Since we're taking about privilege. Many moons ago at job interview, a legendary editor with a worthy journalist daughter who everyone celebrates, I was asked, "what do your parents do?" He was unimpressed with my answer. I was 23, I wanted to change the world. "Anyone in media?"
I said no. I was from a lower middle class family. First generation journalist. I got the job. But I learnt to notice who the imp people around my age or slightly older were. I was learning the ropes of midnight SI Press while ppl close to my age were on plum reporting beat
They spoke of midnight visitors - famous poets, theatre artists. We were learning to unwrite middle school English & unlearn "ki" as punctuation. They were "sharing a drink with dad." Homes with teak bookshelves. Reading was curated by intellectual upper class working parents.

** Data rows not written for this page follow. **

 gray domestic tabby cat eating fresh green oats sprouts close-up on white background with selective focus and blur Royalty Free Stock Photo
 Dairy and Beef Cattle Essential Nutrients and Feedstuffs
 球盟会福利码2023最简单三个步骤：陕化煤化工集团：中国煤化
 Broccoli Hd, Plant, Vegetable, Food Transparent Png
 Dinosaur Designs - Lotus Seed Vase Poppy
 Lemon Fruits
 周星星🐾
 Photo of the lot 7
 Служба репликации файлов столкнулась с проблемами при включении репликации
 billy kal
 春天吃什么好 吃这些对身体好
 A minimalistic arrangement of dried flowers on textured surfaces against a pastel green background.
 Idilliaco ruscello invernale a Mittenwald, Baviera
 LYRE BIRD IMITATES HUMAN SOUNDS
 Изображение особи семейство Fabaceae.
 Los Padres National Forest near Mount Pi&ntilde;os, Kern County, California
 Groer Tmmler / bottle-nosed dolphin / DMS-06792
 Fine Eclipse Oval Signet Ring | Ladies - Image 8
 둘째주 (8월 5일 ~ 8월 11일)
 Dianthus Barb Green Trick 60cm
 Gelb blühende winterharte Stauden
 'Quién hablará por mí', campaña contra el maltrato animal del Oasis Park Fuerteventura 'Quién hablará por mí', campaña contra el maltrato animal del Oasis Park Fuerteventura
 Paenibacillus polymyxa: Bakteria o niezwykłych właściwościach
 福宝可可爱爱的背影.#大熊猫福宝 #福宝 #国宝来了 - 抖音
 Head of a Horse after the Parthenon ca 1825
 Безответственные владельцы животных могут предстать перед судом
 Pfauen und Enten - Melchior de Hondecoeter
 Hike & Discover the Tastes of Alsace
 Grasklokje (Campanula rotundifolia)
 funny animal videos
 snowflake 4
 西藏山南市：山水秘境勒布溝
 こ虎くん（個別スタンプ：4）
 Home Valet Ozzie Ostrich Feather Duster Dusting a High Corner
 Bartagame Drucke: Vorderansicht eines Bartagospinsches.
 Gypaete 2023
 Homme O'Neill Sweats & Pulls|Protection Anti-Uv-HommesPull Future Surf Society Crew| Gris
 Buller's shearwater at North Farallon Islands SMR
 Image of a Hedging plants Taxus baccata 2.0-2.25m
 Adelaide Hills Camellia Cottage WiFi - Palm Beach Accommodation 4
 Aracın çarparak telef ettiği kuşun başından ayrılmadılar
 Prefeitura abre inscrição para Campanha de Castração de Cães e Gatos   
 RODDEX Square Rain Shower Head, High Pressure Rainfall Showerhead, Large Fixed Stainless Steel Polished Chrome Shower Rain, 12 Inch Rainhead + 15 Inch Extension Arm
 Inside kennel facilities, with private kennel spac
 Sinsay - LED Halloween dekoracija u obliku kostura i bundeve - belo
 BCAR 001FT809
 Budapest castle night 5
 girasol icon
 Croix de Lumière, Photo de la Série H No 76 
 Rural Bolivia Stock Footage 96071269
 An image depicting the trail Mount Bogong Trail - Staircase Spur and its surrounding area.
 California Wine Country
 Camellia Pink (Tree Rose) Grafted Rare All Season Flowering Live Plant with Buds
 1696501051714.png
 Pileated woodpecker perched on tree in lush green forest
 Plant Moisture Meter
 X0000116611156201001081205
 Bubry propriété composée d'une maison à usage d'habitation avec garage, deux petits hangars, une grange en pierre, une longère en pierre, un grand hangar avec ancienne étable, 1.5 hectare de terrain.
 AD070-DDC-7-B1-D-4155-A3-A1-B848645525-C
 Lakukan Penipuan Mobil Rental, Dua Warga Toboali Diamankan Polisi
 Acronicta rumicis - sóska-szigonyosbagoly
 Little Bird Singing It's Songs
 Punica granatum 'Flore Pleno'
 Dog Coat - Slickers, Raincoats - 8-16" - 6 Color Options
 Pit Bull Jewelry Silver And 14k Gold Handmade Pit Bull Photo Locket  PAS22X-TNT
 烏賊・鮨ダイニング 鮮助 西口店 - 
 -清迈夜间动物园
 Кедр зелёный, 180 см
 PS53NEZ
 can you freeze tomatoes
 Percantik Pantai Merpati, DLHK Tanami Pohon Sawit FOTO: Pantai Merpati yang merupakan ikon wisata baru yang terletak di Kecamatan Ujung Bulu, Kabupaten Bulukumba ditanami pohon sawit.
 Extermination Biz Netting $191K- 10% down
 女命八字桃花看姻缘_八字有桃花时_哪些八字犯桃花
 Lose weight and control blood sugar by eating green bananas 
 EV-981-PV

I realised that intellectual, social and class capital of second and third generations of journalists is something we'll never compete with. It refinement the rest of us will acquire over years of hard work and still many doors will be closed to us. Do something -
Google the names of all truly well known journalists today. Those you hear as household names. They are brilliant, I'm not denying it. But brilliance is also a combination of right opportunity + practice + privilege + experience capital of parents and their intimate social circle
Many of these journalists are doing phenomenal things bec they're actually good. But almost all of them are product of stunning privilege. The doors that opened for them as young reporters. When you can call a newspaper's managing editor "uncle" at work, where is the struggle?
May I end this by saying that if as middle-aged editors (personally witnessed twice, man + woman, many others did too) you have to scream at trembling interns over the phone, "how dare you not recognise my voice," & "do you know who you're speaking to?" your career is a waste.